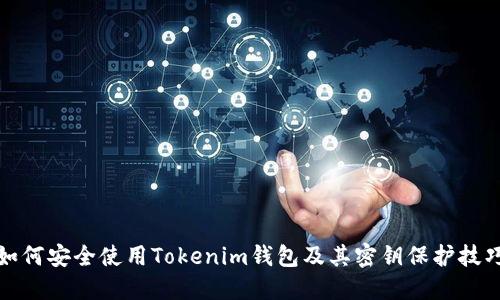 如何安全使用Tokenim钱包及其密钥保护技巧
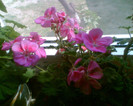 Picture 028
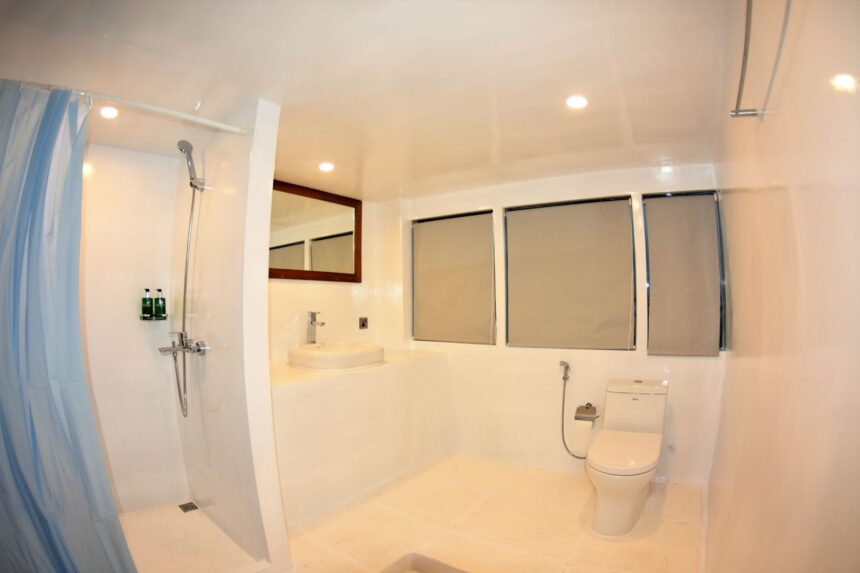 Ensuite bathroom aboard the Emperor Leo with shower, sink and toilet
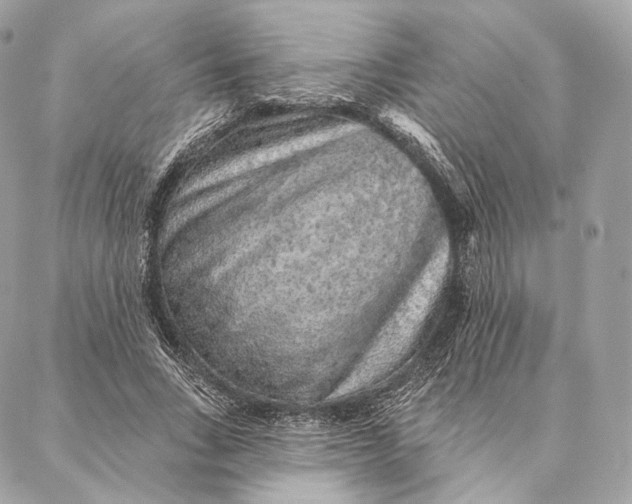 X0000087380735200705111735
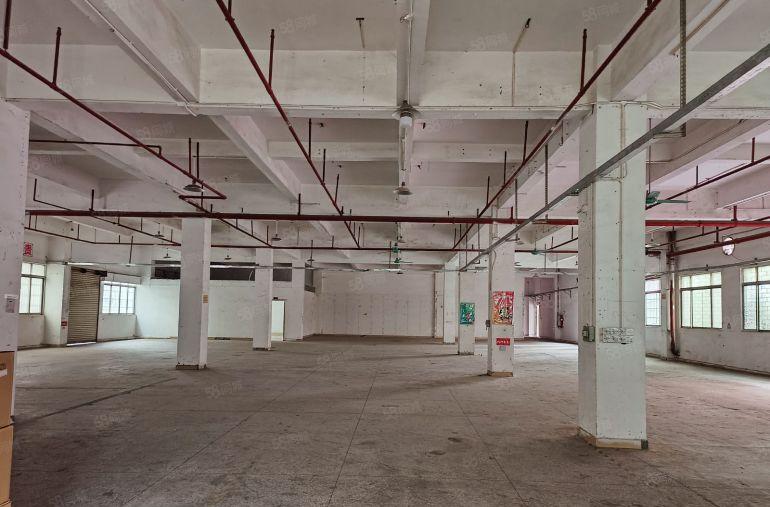 樟木头标准独院国有证消防证一楼5米水电齐全交通方便价格便宜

════

Task directions: Starting at the line that contains "Picture 028" and ending with the last line of the data, transcribe every line exactly; skip the pictures.

Task solution:
 Picture 028
 Ensuite bathroom aboard the Emperor Leo with shower, sink and toilet
 X0000087380735200705111735
 樟木头标准独院国有证消防证一楼5米水电齐全交通方便价格便宜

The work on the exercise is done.